Nach der Regierungskrise in Wien und dem Misstrauensvotum gegen Sebastian Kurz soll die Verfassungsrichterin Brigitte Bierlein die erste Bundeskanzlerin Österreichs werden. Das teilte Bundespräsident Alexander Van der Bellen auf einer Pressekonferenz in Wien mit. Bierlein war seit 2018 Präsidentin des österreichischen Verfassungsgerichtshofs. Sie soll nun als Übergangskanzlerin bis zur Neuwahl des Parlaments amtieren.

Van der Bellen sagte, er beauftrage Brigitte Bierlein mit der Bildung einer Bundesregierung bis zu den Nationalratswahlen im September. Er sehe in der Verfassungsrichterin "jemanden, der in den nächsten Monaten die Geschicke der Republik nach außen und nach innen lenken kann". Es gehe um eine gute und geordnete Verwaltung der Staatsgeschäfte, um eine "Vertrauensregierung".

Erstmals wird damit eine Frau eine Regierung in Österreich führen. Bierlein äußerte sich überrascht über die Nominierung. "Ich habe mir einige Stunden Bedenkzeit erbeten, dann das Ergebnis: Ich will die Aufgabe zum Wohle Österreichs annehmen." Sie sehe es als staatspolitische Verantwortung, ihren Teil beizutragen und diese hohe Verantwortung zu übernehmen. Sie wolle ein Kabinett ernennen, das mit fachlicher Expertise im Sinne der Menschen im Lande handeln werde, sagte Bierlein.

Die 69-jährige Juristin war seit Anfang 2018 Präsidentin des österreichischen Verfassungsgerichtshofs – auch in diesem Amt war sie die erste Frau. Zuvor war sie von 2003 bis 2018 Vizepräsidentin dieses Gerichtshofs.

"Ich habe Präsidentin Bierlein als umsichtige, weitsichtige und in höchstem Maße kompetente Persönlichkeit kennen und schätzen gelernt", sagte Van der Bellen. Sie werde in den nächsten Tagen zur Bundeskanzlerin "angelobt", wie die Ernennung in Österreich heißt. Eine Abstimmung im Parlament ist dazu nicht nötig.

Bierlein werden von der österreichischen Nachrichtenagentur APA gute Kontakte zur ÖVP und auch zur FPÖ nachgesagt. In österreichischen Medien wurde spekuliert, dass SPÖ-Chefin Pamela Rendi-Wagner zugestimmt haben könnte, weil damit die erste Frau ins Kanzleramt rückt. Diesen Plan hatte der Bundespräsident zuvor auch mit dem designierten FPÖ-Chef Norbert Hofer und mit Ex-Bundeskanzler Sebastian Kurz besprochen. "Vielen Dank an Brigitte Bierlein für die Bereitschaft, sich noch stärker in den Dienst unseres Landes zu stellen, so etwas ist nicht selbstverständlich", twitterte Kurz.

Erfahrene Beamte sollen Minister werden

Bis zur Neuwahl werde Österreich "keine nachhaltigen Gesetzesinitiativen erleben", sagte Van der Bellen. Es sollten vor allem erfahrene Beamte die Amtsgeschäfte führen; dazu gebe es einen Konsens mit den Parteien.

Brigitte Bierlein kündigte an, dass der ehemalige Präsident des Verfassungsgerichtshofs Clemens Jabloner bereit sei, Vizekanzler und Justizminister zu werden. Außen- und Europaminister solle Alexander Schallenberg werden, derzeit Leiter der Europasektion im Wiener Kanzleramt und ein enger Mitarbeiter des abgesetzten Kanzlers Sebastian Kurz (ÖVP).
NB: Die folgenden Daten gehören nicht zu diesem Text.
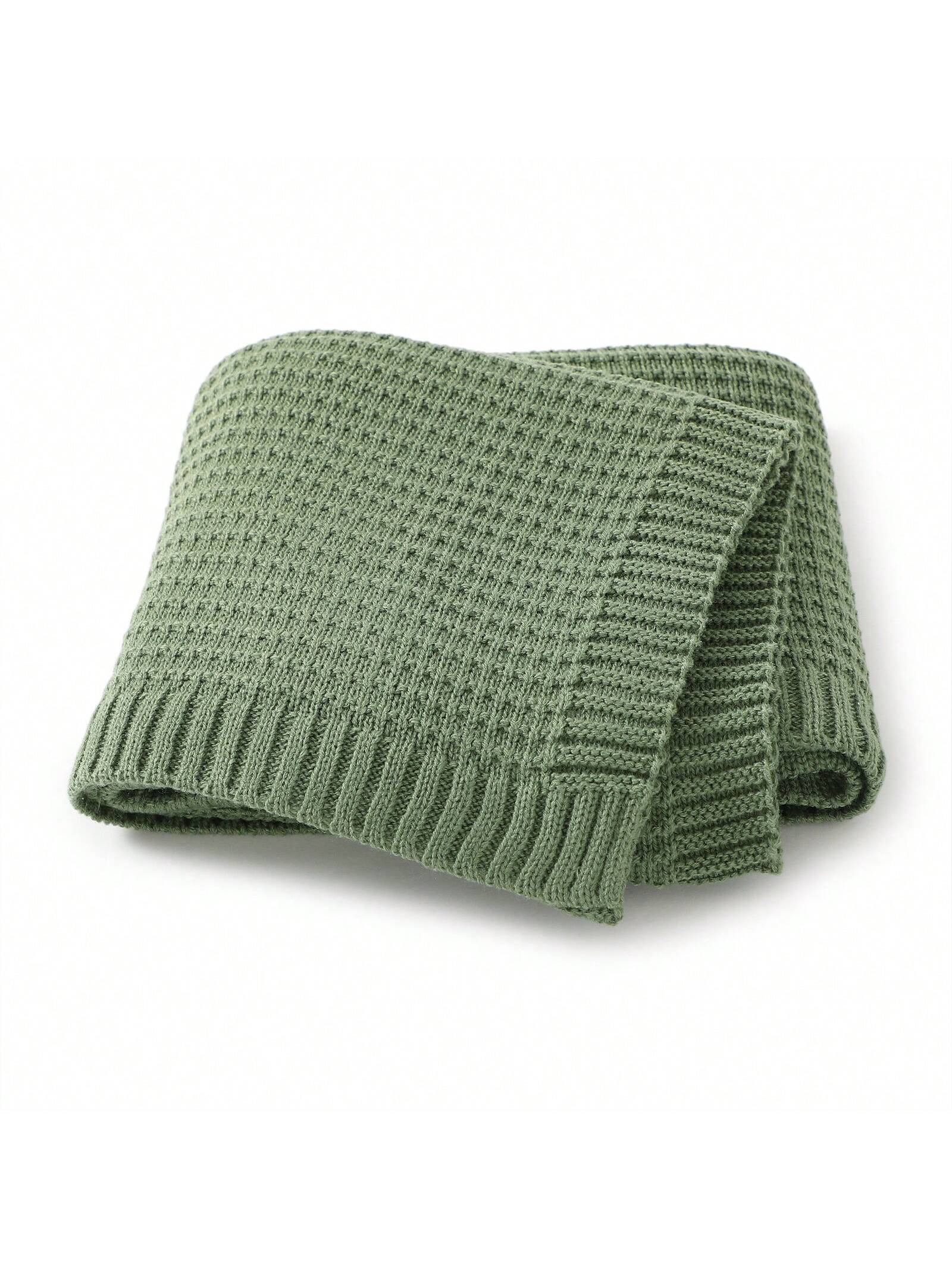 1pc Simple Knitted Baby Blanket For All Seasons, Suitable For Stroller Cover Love Valentine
Am Montag war in Österreich die gesamte Regierung von Sebastian Kurz per Misstrauensvotum des Parlaments abgesetzt worden. Van der Bellen erhielt damit die Aufgabe, eine Übergangsregierung zu bilden, die bis zur Neuwahl im September und während der folgenden Koalitionsverhandlungen im Amt bleiben soll.
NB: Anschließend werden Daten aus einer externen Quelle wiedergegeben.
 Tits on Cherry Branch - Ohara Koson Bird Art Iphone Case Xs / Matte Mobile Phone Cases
Die Absetzung der Regierung war der vorläufige Höhepunkt der Regierungskrise, die durch das Skandalvideo aus Ibiza ausgelöst worden war. Das Video zeigt, wie der inzwischen zurückgetretene Vizekanzler und FPÖ-Chef Heinz-Christian Strache vor der Parlamentswahl 2017 einer vermeintlichen russischen Oligarchennichte im Gegenzug für Wahlkampfhilfe Staatsaufträge in Aussicht stellt.

Daraufhin platzte die Koalition zwischen konservativer ÖVP und rechtspopulistischer FPÖ. Die von Kurz angeführte Übergangsregierung hatte dann keine Mehrheit mehr im Parlament, weil die Opposition ihm eine Mitverantwortung an der Regierungskrise vorwarf.